====== INFORMATION SUPPLIED

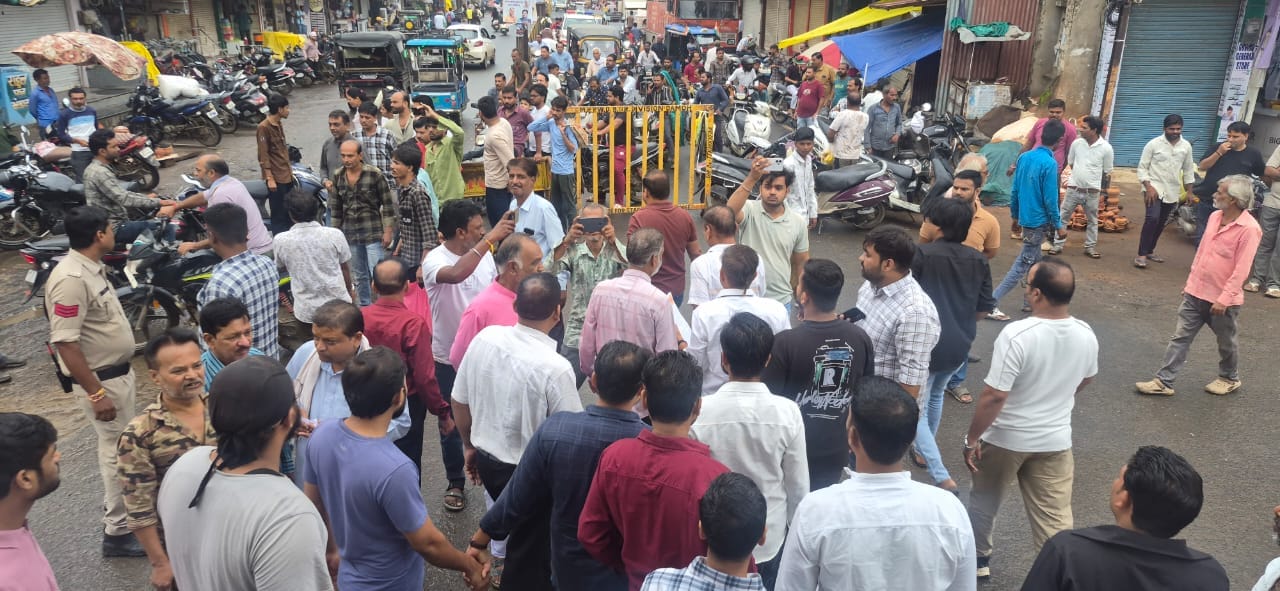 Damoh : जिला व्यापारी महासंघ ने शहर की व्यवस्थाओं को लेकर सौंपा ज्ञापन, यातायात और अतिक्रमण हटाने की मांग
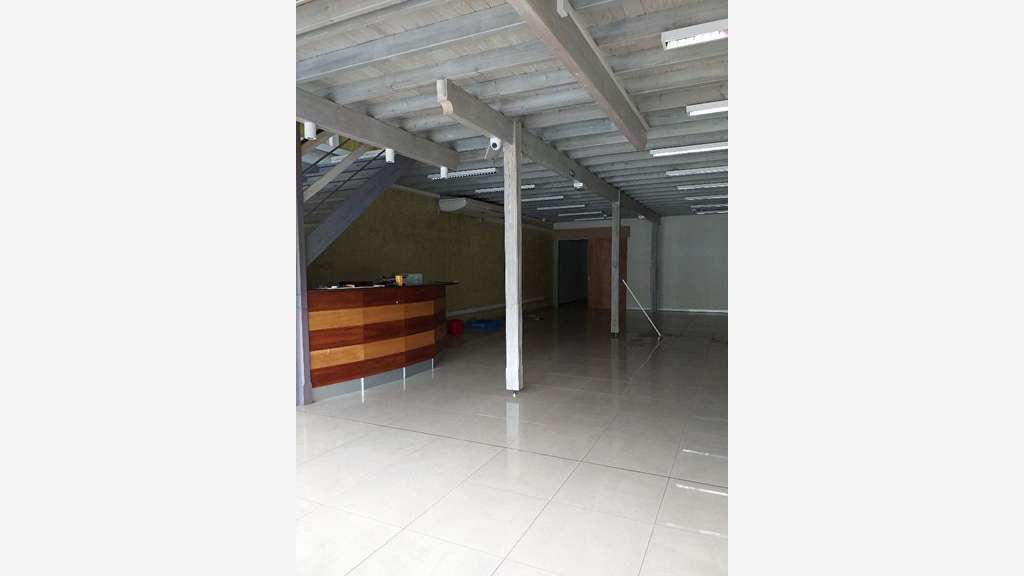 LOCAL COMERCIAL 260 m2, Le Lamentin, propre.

============
====== INFORMATION SUPPLIED

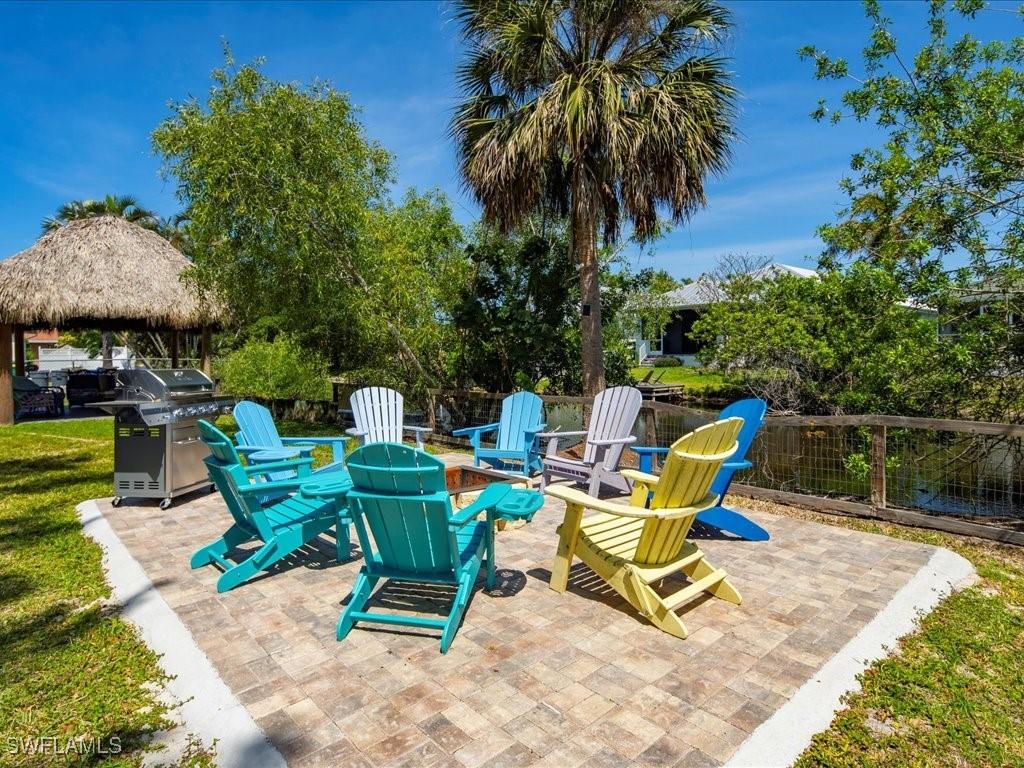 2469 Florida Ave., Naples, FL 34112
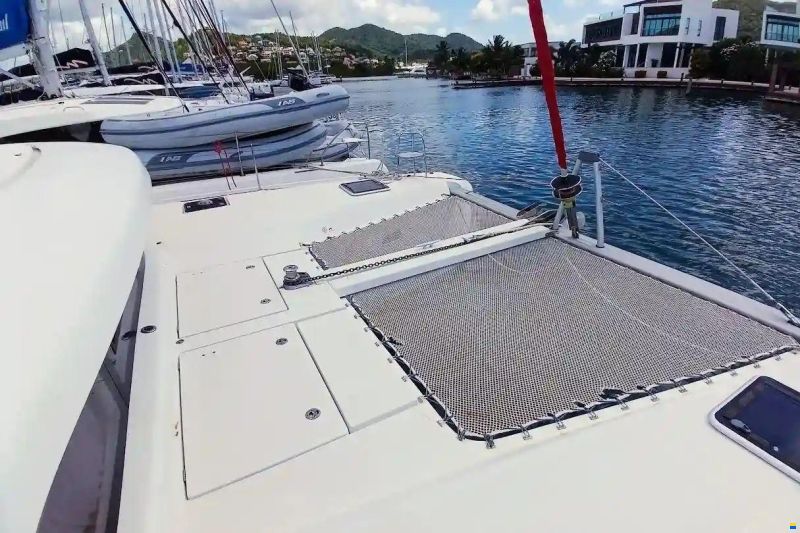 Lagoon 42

============
====== INFORMATION SUPPLIED

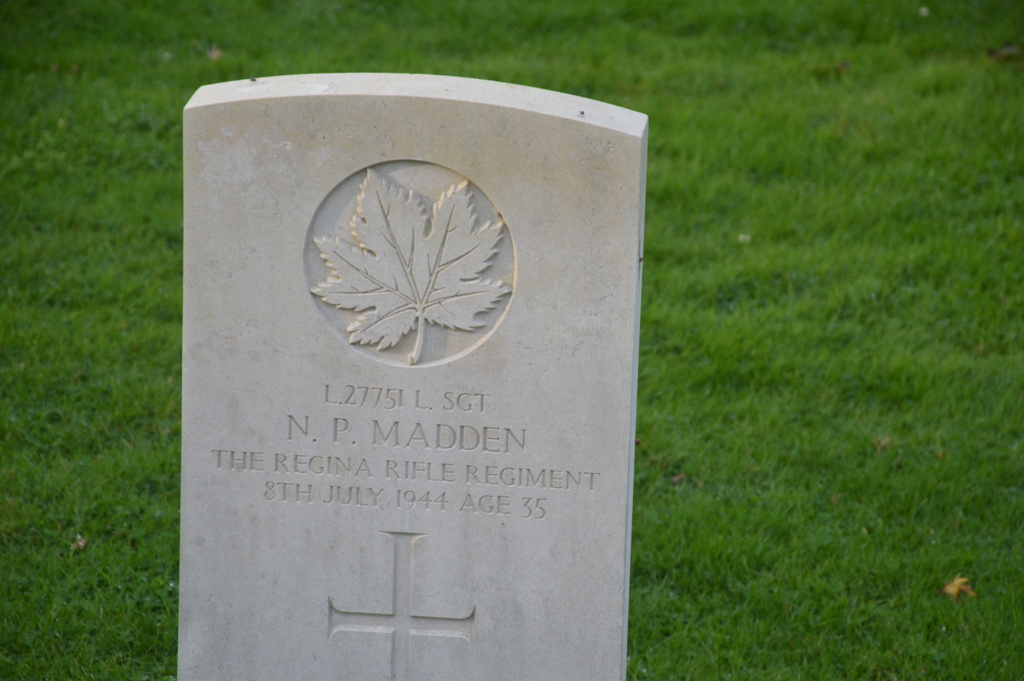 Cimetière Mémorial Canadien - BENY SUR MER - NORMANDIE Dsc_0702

============

EXERCISE » Only the lines starting at the one that includes "Damoh : जिला" and ending at the one that includes "LOCAL COMERCIAL 260 m2, Le Lamentin, propre." should be retyped, exactly, from the records above; no pictures.

RESPONSE TO THE EXERCISE »
 Damoh : जिला व्यापारी महासंघ ने शहर की व्यवस्थाओं को लेकर सौंपा ज्ञापन, यातायात और अतिक्रमण हटाने की मांग
 LOCAL COMERCIAL 260 m2, Le Lamentin, propre.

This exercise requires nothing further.